Britney Roberts scans the sky for clouds outside of the Black River Coliseum while she waits for word on the status of her home on Thursday. Roberts, who is pregnant, has been sleeping in the Coliseum for days while Poplar Bluff dries out.
Cranston Dunlap, left, stops to chat with fellow evacuee John Lopez on Thursday outside of the Black River Coliseum. While many of the people who were evacuated from their homes have been able to return, some are still waiting for word on their homes. "I hear it's muddy in there, and damp," said Lopez. "We gotta clean everything."
The Black River, seen from a levee just south of D Street in Poplar Bluff, has gone down slightly Thursday as a result a stop in precipitation.
A parking lot — awash in floodwater days prior — is now only pockmarked with puddles in Poplar Bluff on Thursday.
Officials from Greenville and Wayne County construct an earthen berm across the old Highway 67 on Thursday in an attempt at keeping the fast-rising water from nearby Wappapello Lake from inundating the town.
Heading to dry land to wait for the next truck of sandbags, Specialist Chris Mitchell and other soldiers of the 1140th Engineer Battalion wade through waist-deep water in Morehouse on Thursday. Water began entering the town late last night, however the flooding did not escalate until late Thursday morning.
Sandbags laid earlier are surpassed by floodwater in Morehouse on Thursday. By the end of the day, more than half of the town was effected by the floodwater.
From left: Joe Jones, Cheryl Jones, Rocky Chappell, Corey Tinnin, 17, and Jordan Chappell, 13, help move their neighbor's belongings into a moving truck in Morehouse on Thursday.
Donald Gautreaux, center left, and Jorden Kettles, center right, help load sandbags in Morehouse on Thursday. Neither Gautreaux nor Kettles live in Morehouse, but like many other volunteers came to help as flood waters rose.
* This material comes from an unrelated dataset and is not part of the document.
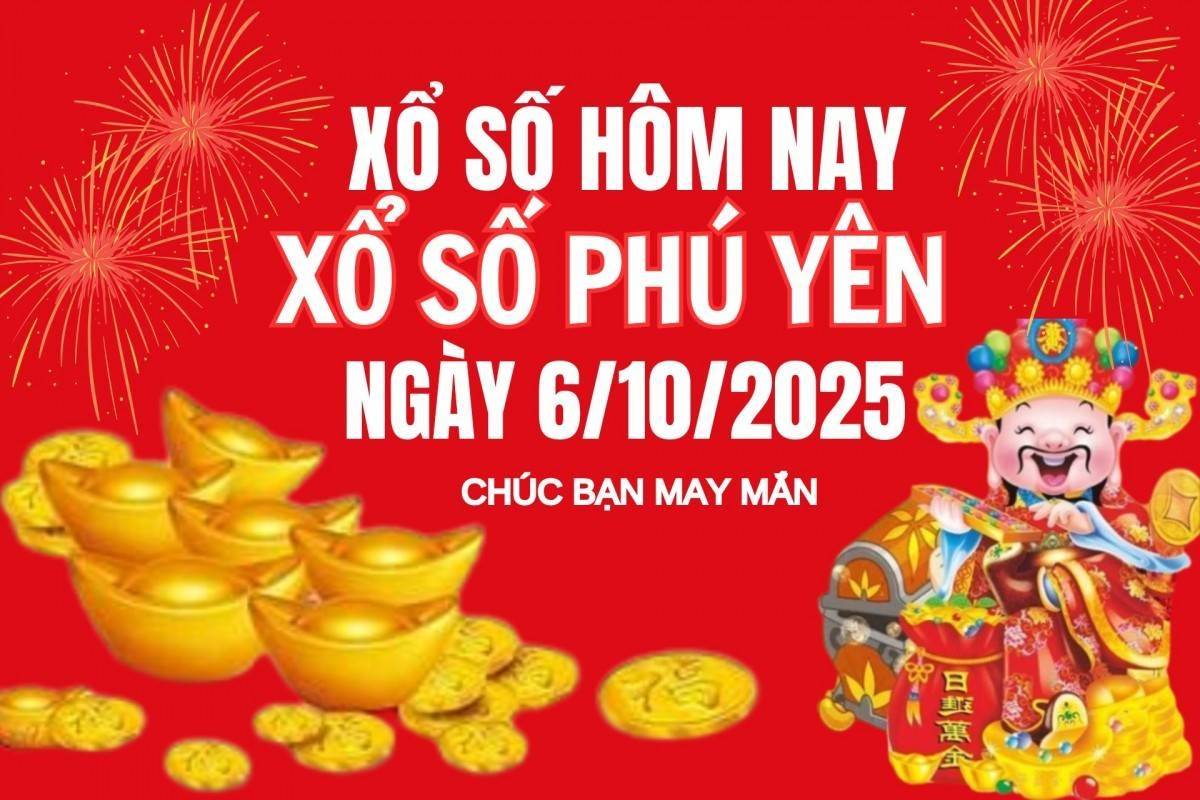 XSPY 6/10, Kết quả xổ số Phú Yên hôm nay 6/10/2025, Trực tiếp XSPY ngày 6 tháng 10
Sargent Christopher Burr helps place sandbags around a Sewage Lift Station in Morehouse on Thursday. Soldiers in the 1140th Engineers Battalion filled and placed sandbags throughout the day attempting to protect elements of Morehouse’s infrastructure.
A truck stands abandoned in the middle of the street in Poplar Bluff on Thursday. While most of the city is slowly drying out due to a let up of rain, Park Avenue in the center of downtown remains flooded, albeit less so than earlier in the week.
Illinois Route 3 remains passable through Olive Branch, Ill., but flood water has taken up most of the southern Illinois town Thursday.
Reed Station Road Mobile Home Park in Carbondale, Ill., remains flooded Thursday.
Kentucky Governor Steve Beshear views flooding of Hickman, Ky., from a Blackhawk helicopter on Thursday. Beshear visited flood-ravaged areas in western Kentucky on Thursday and asked the White House for federal assistance in the recovery. During a stop in Paducah on Thursday morning, Beshear said he asked President Barack Obama for a presidential disaster declaration.
Col. Keith Landry, left, of the U.S. Army Corps of Engineers listens as Gov. Steve Beshear asks about the flood wall being built to try to keep the flooding Ohio River out of Smithland, Ky., on Thursday.
Workers toss sandbags to stack atop the flood wall they are building to try to keep the flooding Ohio River out of Smithland, Ky., on Thursday.
Rising water from Kentucky Lake covers the roadway and sidewalk at the park at Lighthouse Landing in Grand Rivers, Ky., on Thursday. The release of water at Kentucky Dam has been limited because of high river levels on the Mississippi, Ohio and Tennessee rivers that are causing flooding throughout the region.
The Thebes Public Works Building is submerged by flood waters from the Mississippi River on Thursday in Thebes, Ill. Southern Illinois cities bore up under the prospect of worse flooding along the Ohio and Mississippi rivers Thursday while state officials activated more National Guard troops and ordered 1 million sandbags.